• _Directions for this task_:
Everything from the line with "Свитер с круглым вырезом" to the line with "Kitchen or kitchenette, Living room, stove" in the listing below, both lines included, needs to be copied exactly, apart from the pictures.

• _Supplied information_:
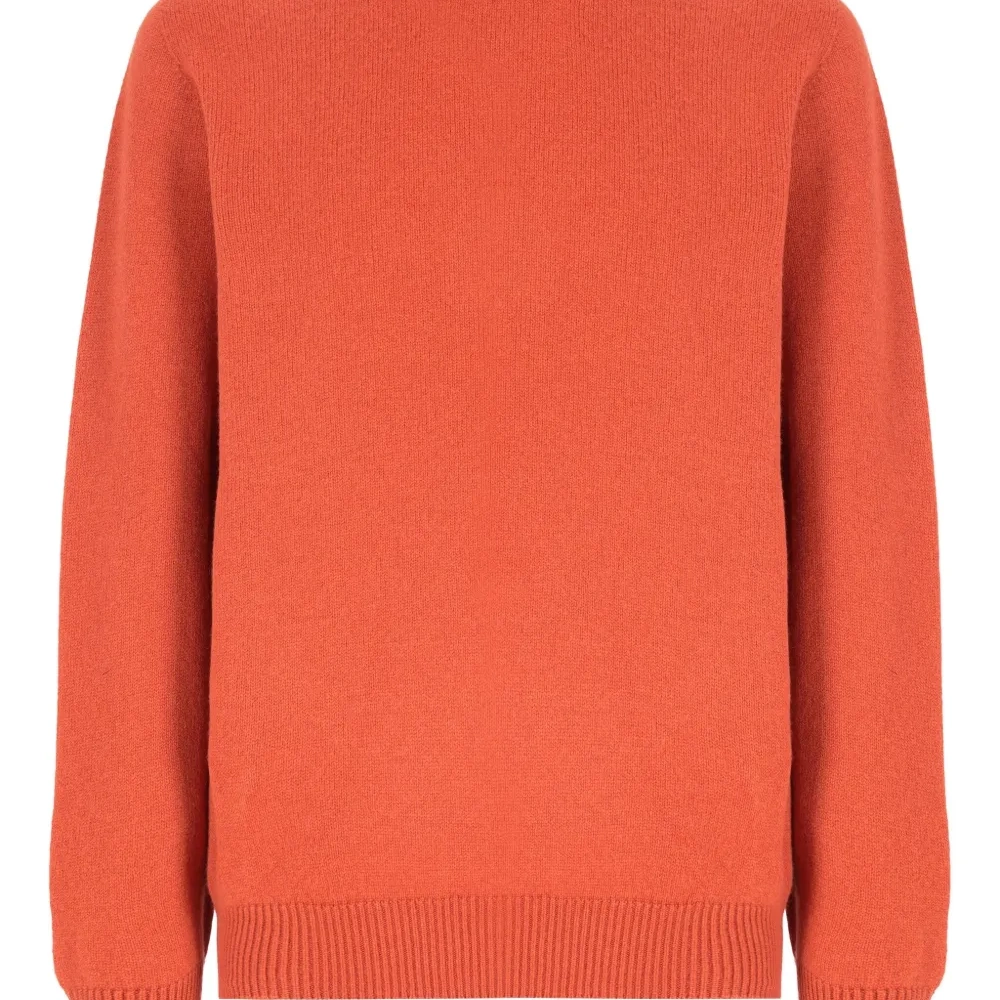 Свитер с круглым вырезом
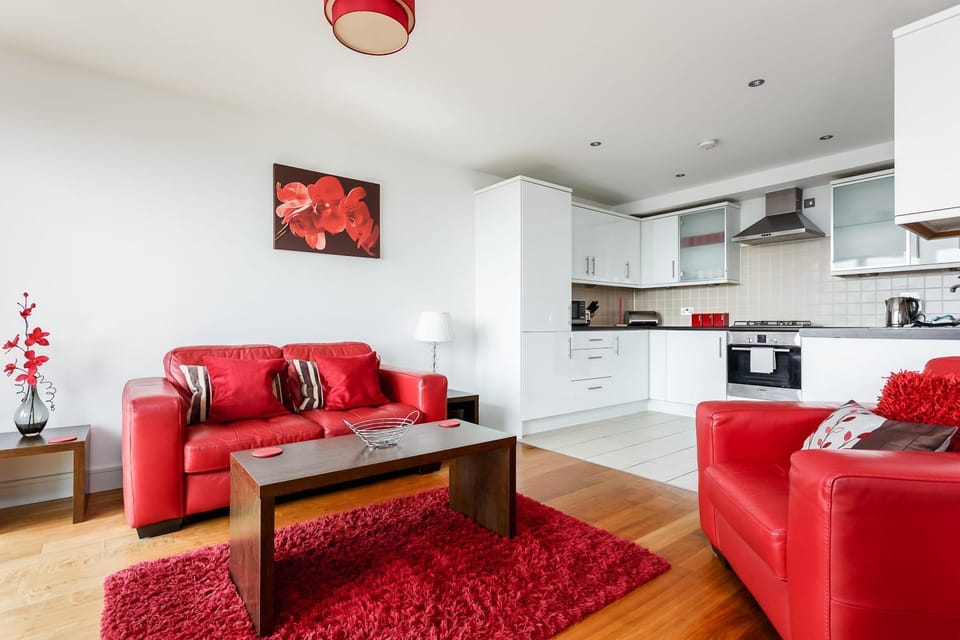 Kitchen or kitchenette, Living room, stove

==

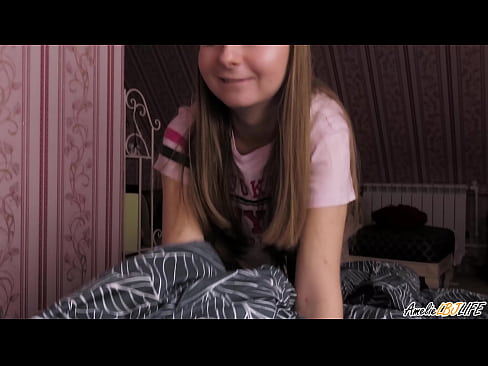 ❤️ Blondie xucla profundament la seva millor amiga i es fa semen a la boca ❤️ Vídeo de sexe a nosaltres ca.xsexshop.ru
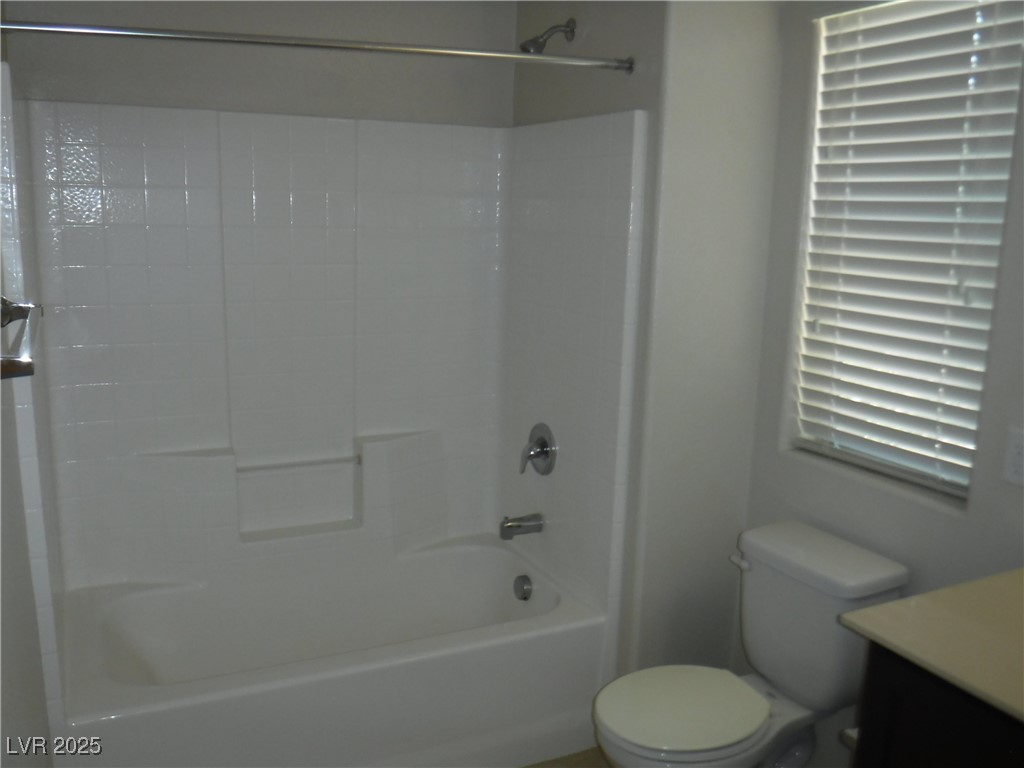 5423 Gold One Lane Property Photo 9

• _Reply to the exercise_:
 Свитер с круглым вырезом
 Kitchen or kitchenette, Living room, stove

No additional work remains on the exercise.